О "неместных" кадрах в руководстве Ингушетии
Многие ингушские граждане негативно восприняли назначение генерал-майора Алексея Воробьева на пост премьера Ингушетии. Это решение воспринимается как признак того, что новое руководство не доверяет кандидатам из местного населения. Это усиливается тем, что в республике многие силовые и правовые ведомства уже отданы на откуп неместным кадрам: куратор МВД, прокурор, председатель Верховного Суда.
В Управлении ФСБ по Республике Ингушетия также практически не наблюдается местных. Кроме того, о Воробьеве в республике известно очень мало. Он работал в закрытых силовых структурах, в последнее время возглавлял Совет Безопасности Ингушетии.
Сторонники назначения варягов указывают на то, что они не обременены многими обязательствами, не связаны с различными тейпами и воспринимаются как независимые и объективные руководители.

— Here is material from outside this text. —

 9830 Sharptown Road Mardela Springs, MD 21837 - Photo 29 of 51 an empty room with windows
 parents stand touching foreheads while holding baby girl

Однако преимущества неместных кадров, которые служат основанием для их назначения на ключевые должности, не могут идти в сравнение с возможными проблемами в их работе. Достаточно сказать, что неместные кадры длительное время могут и будут испытывать дефицит информации, поступающей лишь от местного населения, которое, в свою очередь, настороженно относится к кооптируемым извне кадрам, особенно к силовым структурам.
Назначение руководителями всех силовых и правовых структур республики исключительно неместных людей общественностью республики воспринимается негативно. Такого рода кадровые решения справедливо расцениваются как недоверие Кремля к ингушскому народу в целом, сказал мне один из организаторов общереспубликанского движения "Ахки-юрт", борющегося за восстановление территориальной целостности республики.
Ахки-юрт - это ингушское наименование села Сунженское, входящего в Пригородный район.
Не менее категоричен в этом вопросе и один из бывших членов правительства Ингушетии. "Ингушские кадры успешно работали и продолжают работать во многих регионах России и даже в Москве. Так почему им не доверяется работать в собственной республике?" - заявил он мне.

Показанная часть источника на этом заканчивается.